(Short descriptive text snippets)
————————
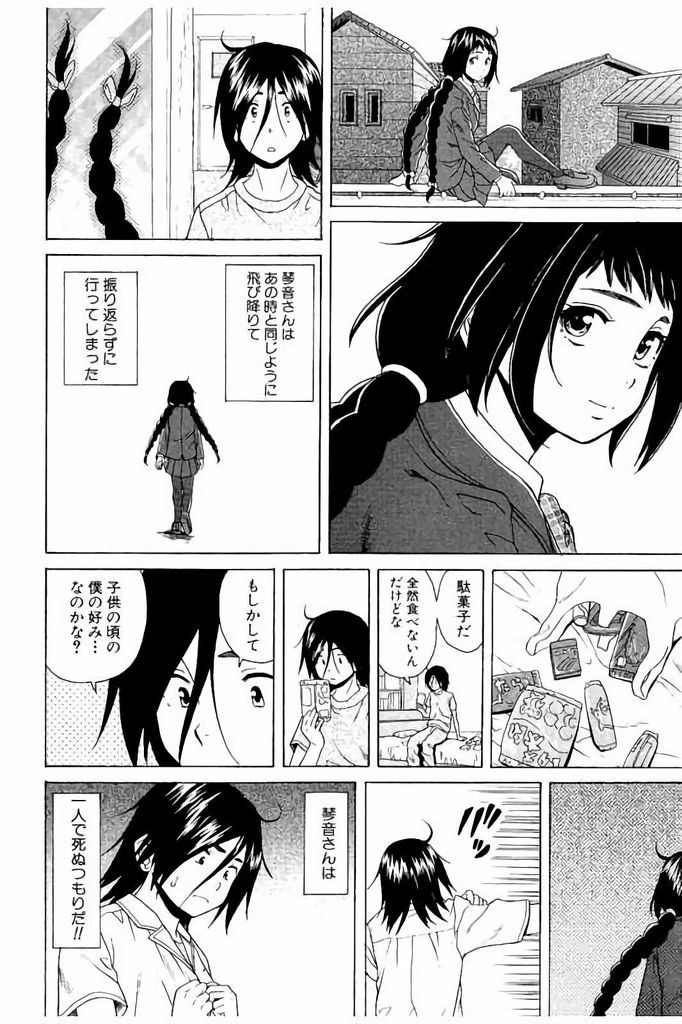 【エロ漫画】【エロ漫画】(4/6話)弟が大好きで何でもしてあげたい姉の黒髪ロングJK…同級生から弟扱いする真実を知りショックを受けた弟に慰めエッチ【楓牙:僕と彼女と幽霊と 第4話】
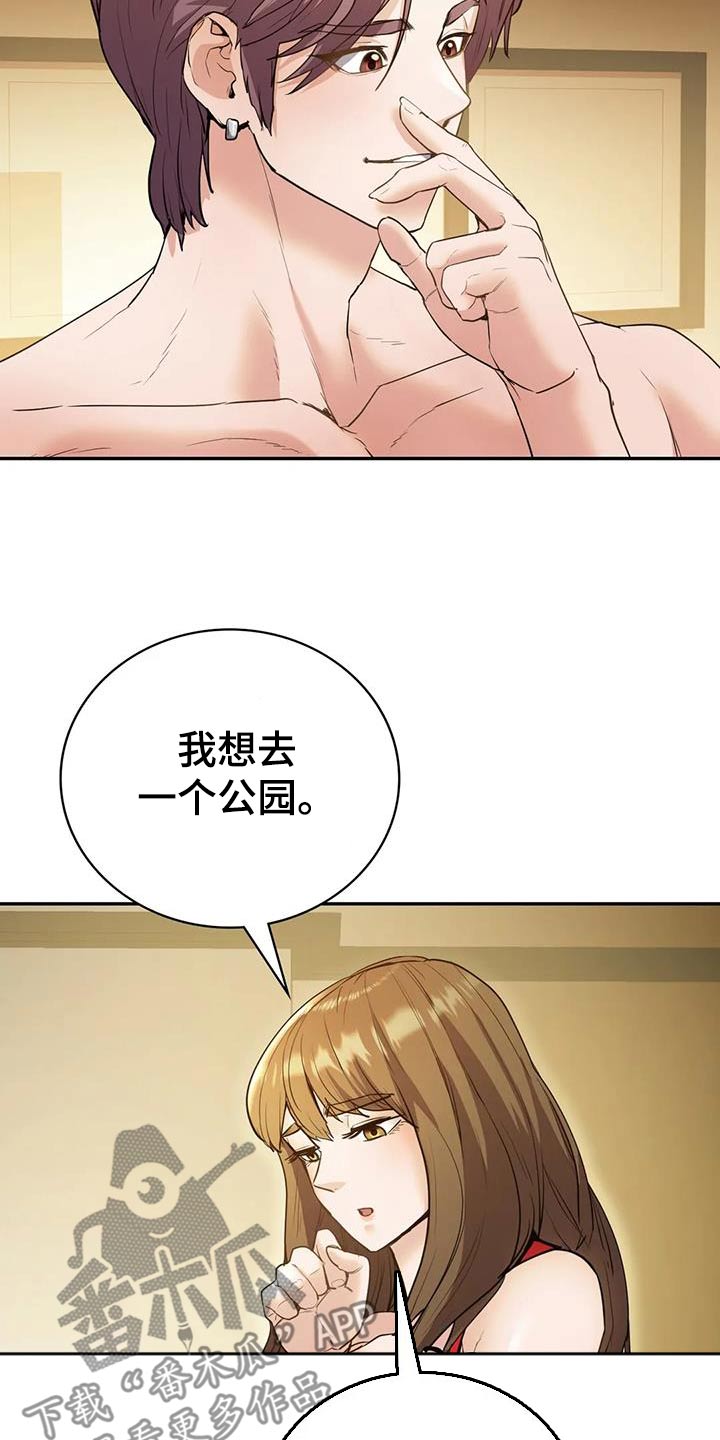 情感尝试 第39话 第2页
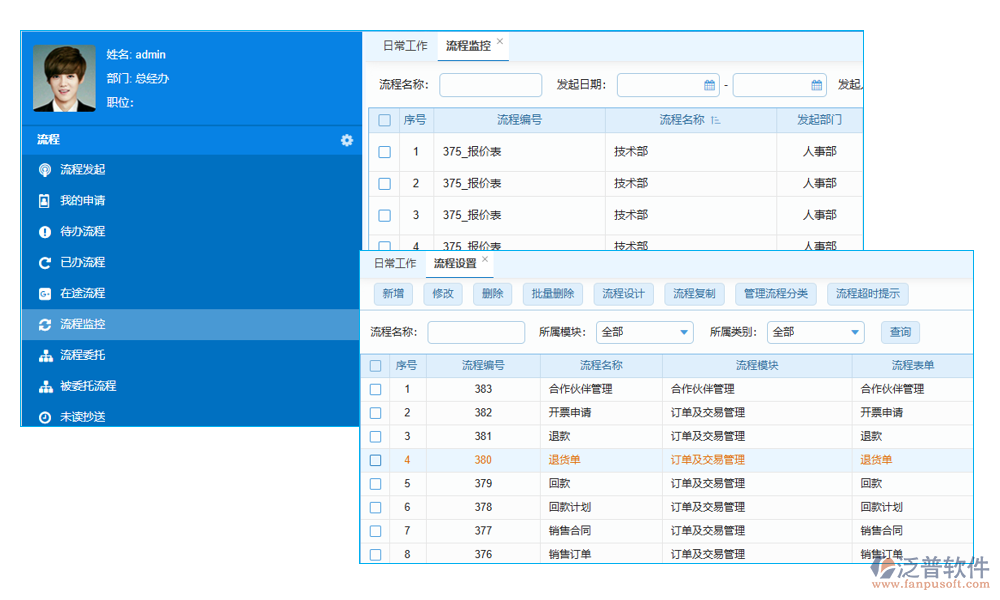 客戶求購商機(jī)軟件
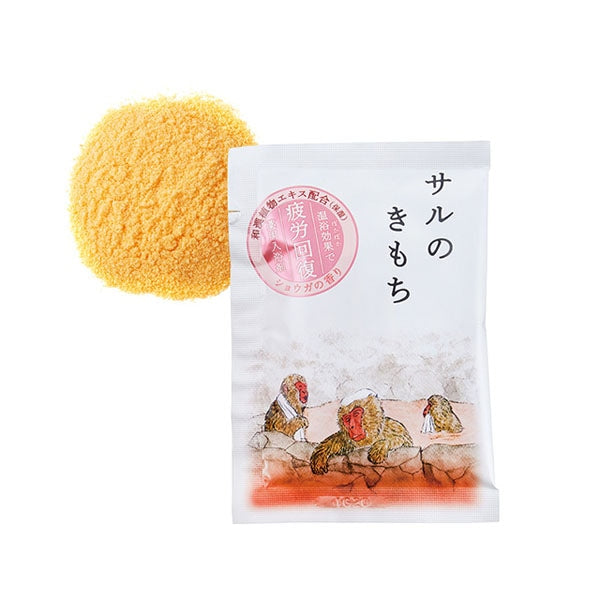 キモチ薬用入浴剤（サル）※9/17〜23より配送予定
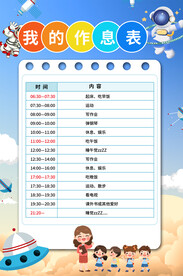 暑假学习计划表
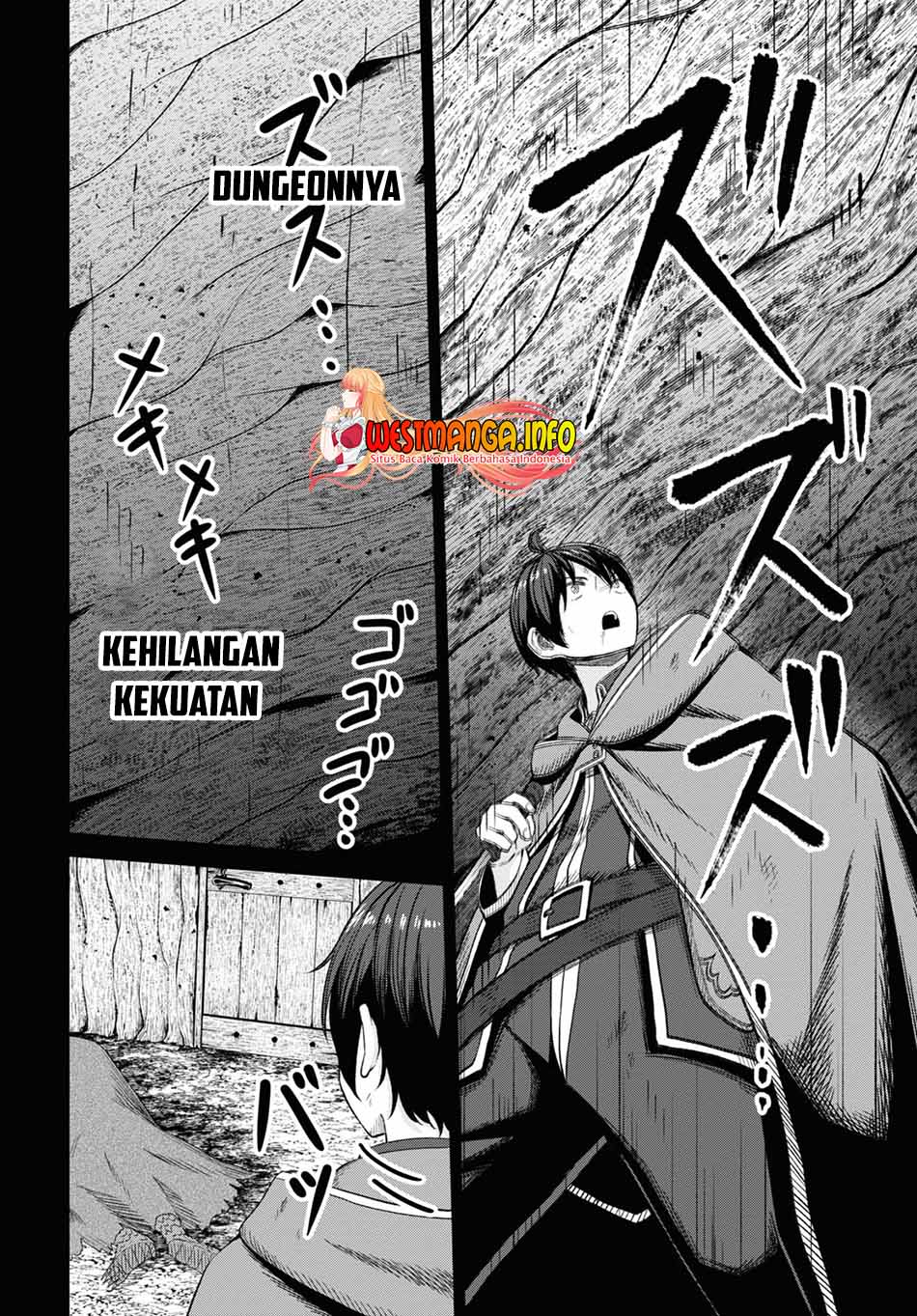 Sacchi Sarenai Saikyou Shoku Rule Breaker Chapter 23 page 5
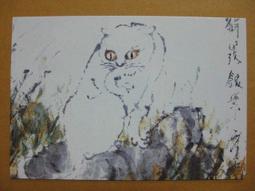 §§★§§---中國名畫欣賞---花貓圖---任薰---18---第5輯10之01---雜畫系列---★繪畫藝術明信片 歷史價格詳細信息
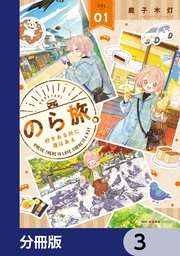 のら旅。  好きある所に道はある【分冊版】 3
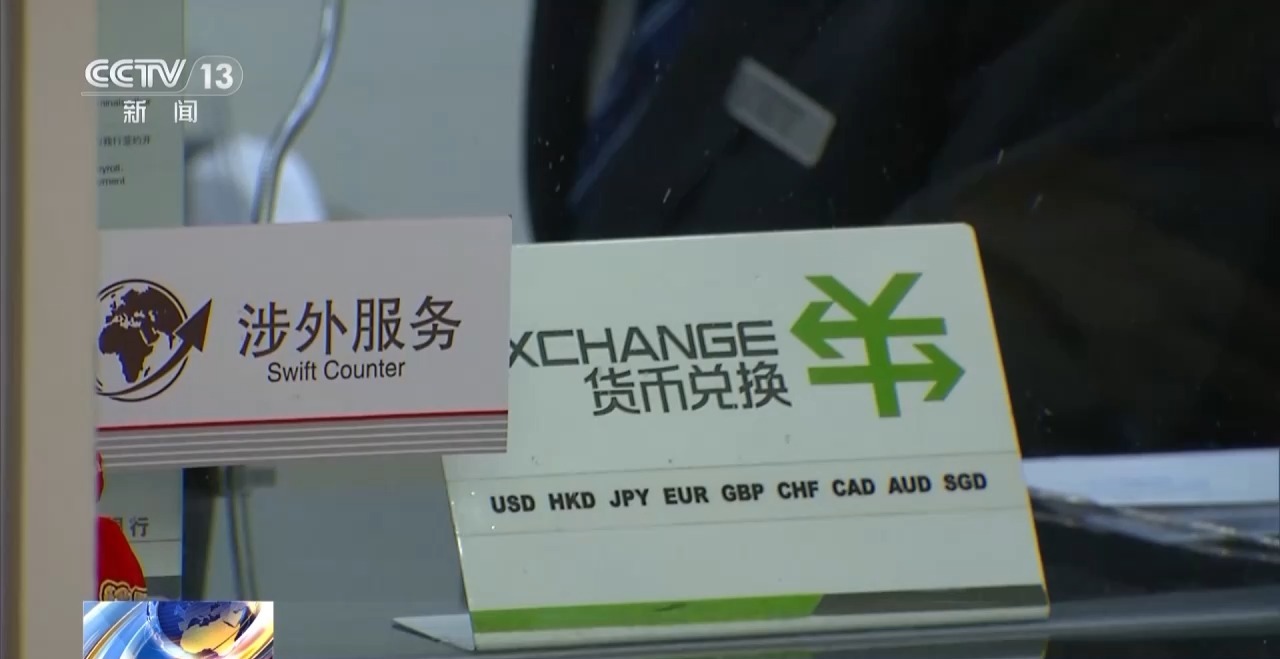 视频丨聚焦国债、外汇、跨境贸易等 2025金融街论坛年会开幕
————————
Task goal -> Return the full set of lines above word for word and with no pictures.

Result of the task ->
 【エロ漫画】【エロ漫画】(4/6話)弟が大好きで何でもしてあげたい姉の黒髪ロングJK…同級生から弟扱いする真実を知りショックを受けた弟に慰めエッチ【楓牙:僕と彼女と幽霊と 第4話】
 情感尝试 第39话 第2页
 客戶求購商機(jī)軟件
 キモチ薬用入浴剤（サル）※9/17〜23より配送予定
 暑假学习计划表
 Sacchi Sarenai Saikyou Shoku Rule Breaker Chapter 23 page 5
 §§★§§---中國名畫欣賞---花貓圖---任薰---18---第5輯10之01---雜畫系列---★繪畫藝術明信片 歷史價格詳細信息
 のら旅。  好きある所に道はある【分冊版】 3
 视频丨聚焦国债、外汇、跨境贸易等 2025金融街论坛年会开幕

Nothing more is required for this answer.